Piercing (2018) | Dir. Nicolas Pesce | Cast: Christopher Abbott, Laia Costa, Mia Wasikowska, Olivia Bond | Writers: Nicolas Pesce, Ryû Murakami (novel)
The Italian Giallo films of the 1970’s have recently fallen back into favour with a certain kind of cinephile; stylishly pulpy slashers and thrillers produced by auteurs like Dario Argento and Lucio Fulci have become more likely to be embraced by the arthouse than modern horror fans. Just take a look at the films most nakedly influenced by the genre in recent years - Peter Strickland’s Berberian Sound Studio and the collected works of Belgian directors Hélène Cattet and Bruno Forzani. These are films crafted by people who love the genre, and yet they are also fairly tiresome academic essays on the conventions that bind the stereotypical Giallo film together. A deliriously trashy and purely visceral cinematic experience has become (whisper it) somewhat highbrow.
Director Nicolas Pesce, hot off his cult hit The Eyes of My Mother, has decided to take a stab at Giallo with this adaptation of Ryu Murakami’s novel of the same name. It’s a peculiar novel to adapt in such a pronounced style, especially considering that Murakami’s works are often described as the closest thing you can get to David Lynch in a literary format. However, by adapting with a Giallo style, albeit one comparatively muted to other recent works attempting to imitate the genre, its intellectual aspirations are laid bare. What would otherwise be a recognisably twisty thriller instead transforms into something approaching a critical analysis of conventional gender roles within one of horror’s more regressive sub-genres. It sounds interesting on paper, but as it explores ideas so similar to narratively bolder Murakami adaptations (most notably Takashi Miike’s Audition), it can’t help but feel decidedly unengaging thematically.
Transported from Japan to an uncanny valley New York City, Christopher Abbott stars as Reed, a new father who suffers from violent delusions; we’re introduced to him preparing to murder his baby child, only for the baby to “speak” to him and tell him to kill a prostitute instead. So, he leaves his wife (Victoria’s Laia Costa) and child behind and checks into a hotel, devising an ill thought out plan to lure his victim into a false sense of security under the pretence of fairly vanilla S&M. When Jackie (Mia Wasikowska) arrives, Reed almost straight away offends her due to his sheer discomfort at being thrown into a sexual situation with a woman who isn’t his wife - which quickly leads her to commit an act of self harm that drastically changes his murderous plans.
In its early stages, it’s easy to be seduced purely by Pesce’s stylistic mimicry; an opening “Our Feature Presentation” title card straight out of a 70’s grindhouse theatre is the perfect introduction to these cinematic thrills, before we’re swooped away into a New York City landscape that feels like it was painstakingly crafted using miniatures. There’s a woozy, neon lighting scheme along the skyline that, when projected onto apartment blocks that look like Lego bricks, creates a disorienting effect that (at least initially) gets you into the surreal, untrustworthy mindset of this film. This mindset is aided by a brilliantly muted performance from Christopher Abbott, whose mild mannered nature makes him even more viable as a psychopathic presence.

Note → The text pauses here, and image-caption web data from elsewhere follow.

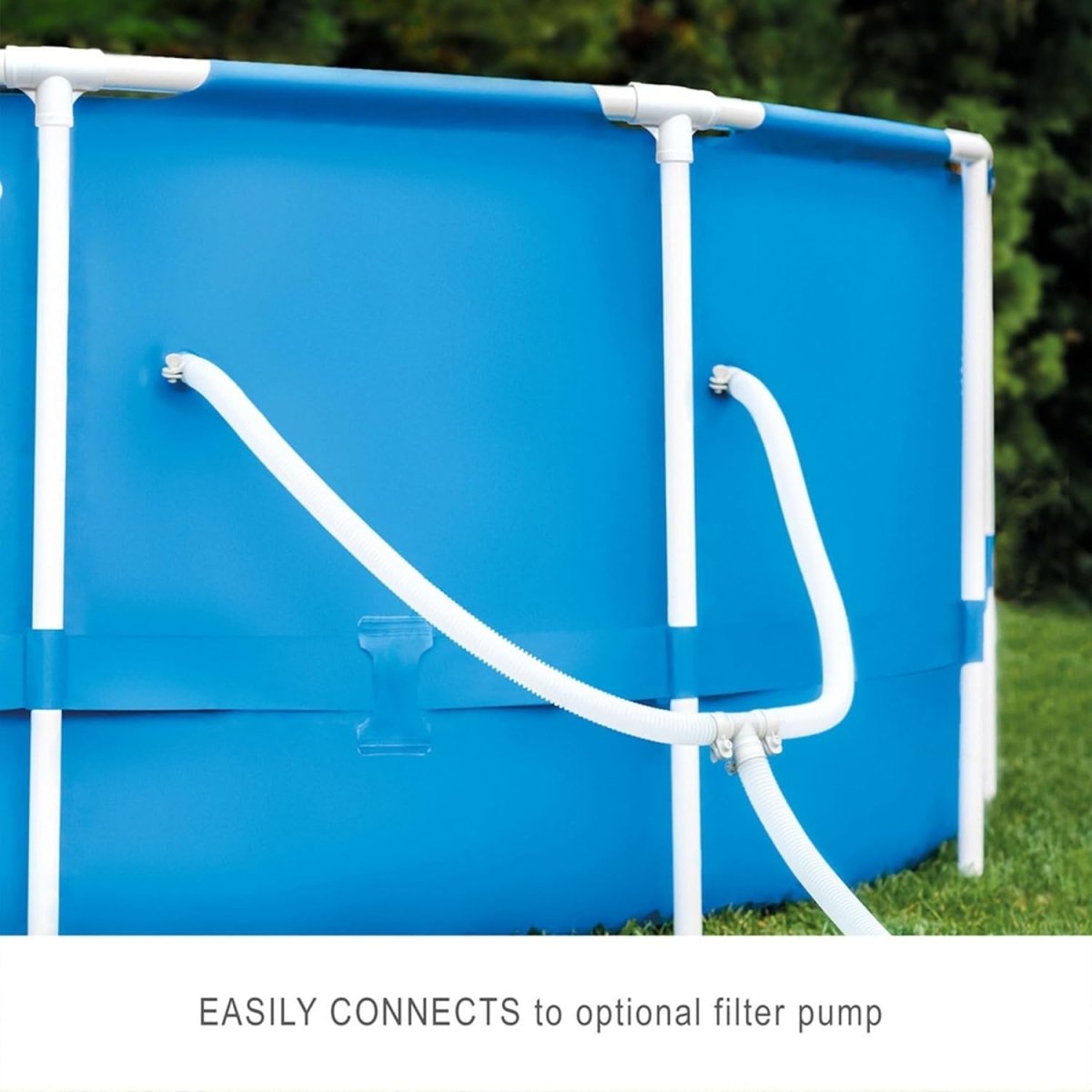 Intex 15′ x 48′ Metal Frame Above Ground Pool Set - Ezonesglobal - Buy at Wine Coolers Online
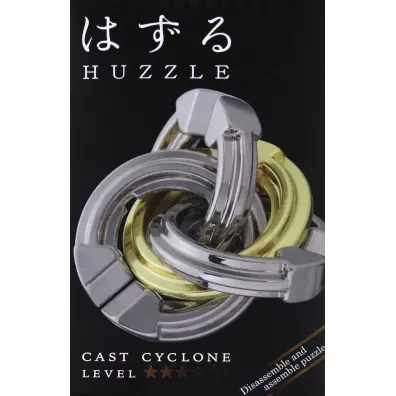 Huzzle Cast Cyclone. Poziom 5/6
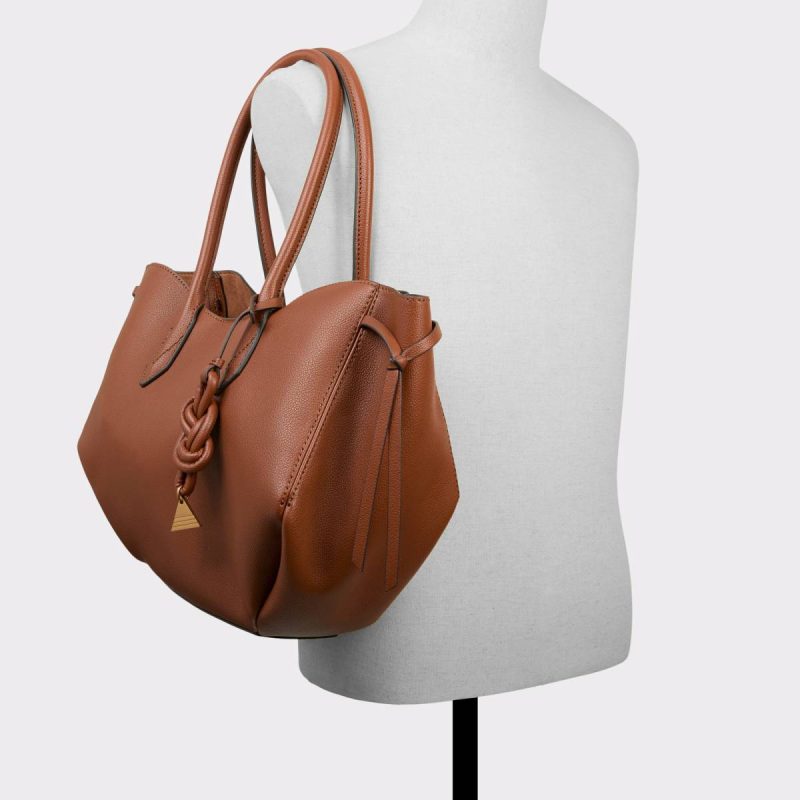 Women Tote & Satchel Bags Cognac Kkorinnex Cognac Women's Tote & Satchel Bags Aldo - Image 4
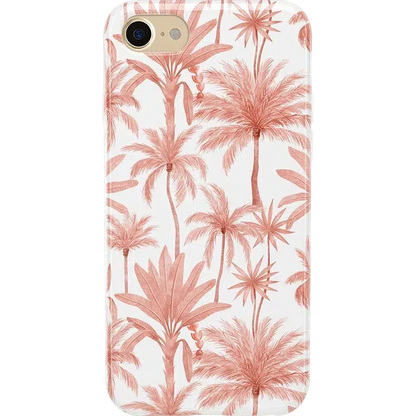 Perfect Paradise | Tropical Palm Tree Floral Case iPhone Case get.casely Classic iPhone SE (2020 & 2022)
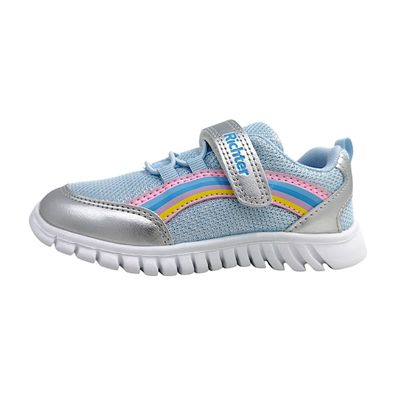 Richter 2665-1271/1701 Blau silver/sky/rainbow 1701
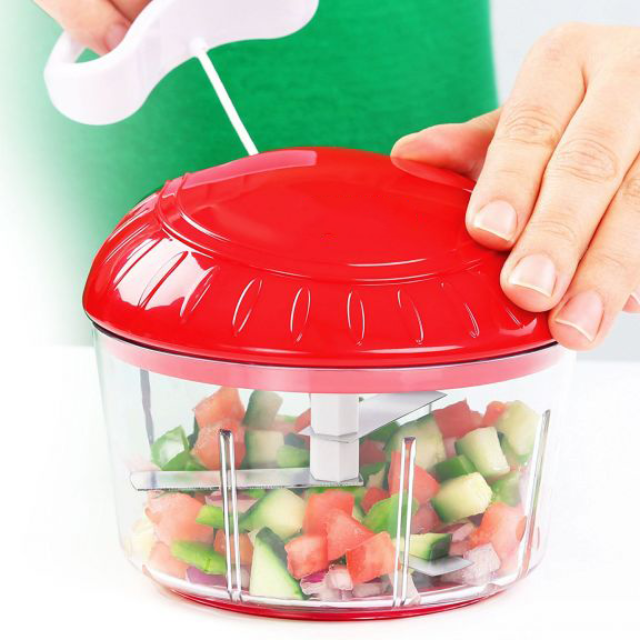 INSTANTCHOP™ : Compact manual food processor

But when the narrative machinations start pulling into gear, and the film starts to reveal that these specific archetypes may not be as commanding as we’re lead to believe, no amount of style can stop the overarching familiarity. The analysis of gender roles feels of apiece with those in Audition, but whereas Miike brought those to a bloody, natural conclusion, Pesce remains somewhat distant, ending on an inconclusive note that doesn’t add any further complexity to what has been discussed before. At a certain stage, it becomes less of a hallucinatory nightmare in the vein of Audition, and far closer to an allegorical examination of the very nature of fetish, like Phantom Thread with more gore and significantly less charm. To say more would be to spoil, but these ideas have been explored better (and in some cases, bloodier) elsewhere.